Middle East Intelligence Bulletin
Jointly published by the United States Committee for a Free Lebanon and the Middle East Forum
op-ed Woulda, Coulda, Shoulda and 9/11
Thomas Patrick Carroll

The Los Angeles Times
9 April 2004

Almost everyone sounds like a hawk these days, at least when talking about the past.

President Clinton should have tried harder to kill Osama bin Laden. President Bush should have beefed up domestic security during the summer of 2001. The CIA shouldn't have been so squeamish about assassination. And the United States should have been fighting the war on terror for at least the last 10 years. By not doing so, our government "failed" us, in the now-famous words of Richard Clarke.

Such steely national consensus is impressive. Too bad it's all nonsense.

There is an old philosophical axiom - "should" implies "can." Whether one should act is only meaningful if the act itself is possible. So before we entertain notions of what U.S. leaders should have done before 9/11, we need to be clear on a fundamental question: What could they realistically have done?

Not much, to be blunt.

The attacks on the World Trade Center and the Pentagon had their roots in the militant Islam seeping out from the oppressive, fearful, pre-modern states of the Near East. An effective response to such a threat would have required national resolve on a scale that simply did not exist before 9/11, any more than the fortitude to fight the Axis was there before Pearl Harbor.
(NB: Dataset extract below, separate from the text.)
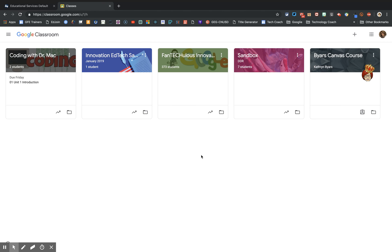This will take you to the Google Classroom page. To join a classroom you'll click on the plus sign and join a class.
For example, by the end of the 1990s, it was clear that Al Qaeda was a growing threat and that Afghanistan was its base. Invading that country, destroying the Taliban and killing hundreds of Al Qaeda members would have made the 9/11 attacks less likely to occur. Would the American public and Congress have supported such an "unprovoked" preemption? Or could a presidential candidate in 2000 have made the invasion of Afghanistan his campaign theme and been elected? Of course not.

Let's move to something less ambitious. For instance, could the U.S. government have significantly strengthened airline security before 9/11?

It is difficult to see how. Those were the days when Congress was gung-ho for the "passenger bill of rights," and no representative hoping for reelection was going to suggest taking pocket knives away from travelers. (Yes, the box cutters were perfectly legal to carry aboard on 9/11.) Nor would anyone have urged pilots and crew members to battle a hijacker in midflight, jettisoning 30 years of successful, and nonviolent, techniques for dealing with air piracy.

Then what about something in the middle, something between the conquest of Kabul and tight security on airplanes? What about assassinating Bin Laden? In 1976, President Ford signed Executive Order 11905: "No employee of the United States government shall engage in, or conspire to engage in, political assassination." Ford's prohibition stands to this day, excepted only in wartime. Contrary to what many believe, it is followed to the letter by the CIA.

According to documents from the 9/11 commission, Clinton did tell the CIA to get Bin Laden. But the president's instructions were squishy. He ordered the capture of Bin Laden - but if Bin Laden resisted, the CIA could kill him. Senior policymakers have said the president's intention was clear: He wanted Bin Laden assassinated. But every CIA official involved in the case - every single one - believed a genuine attempt at capture was required, that simply sending out a team to kill Bin Laden was not sanctioned by the directive.

Could the CIA have been more aggressive? Not with the baggage it's been carrying since Watergate. While it is fair to say the agency is risk averse and needs to take more chances, it is wrong to believe that it can do so on its own. Unfortunately, no administration since the fall of the Berlin Wall - Republican or Democrat - has seen fit to provide the requisite vision and leadership. So what about the capture-or-kill order? Could Clinton have been less coy? It's hard to see how the threat information he had would have justified breaking a decades-long bipartisan precedent against political assassination - even in retrospect. That's because such actions just aren't supposed to happen in democracies. In the U.S., political power lies with the electorate and, in the decade preceding 9/11, Americans were in no mood to support extraordinary measures against a (seemingly) ephemeral threat like transnational terrorism.

Given such national complacency - the "end of history" and all that - it is childish to claim that Clinton or Bush could have diverted resources to problems for which there was no electoral concern. President Roosevelt couldn't have done it before Dec. 7, and neither could Bush before Sept. 11.

Condoleezza Rice is correct, and Clarke is wrong.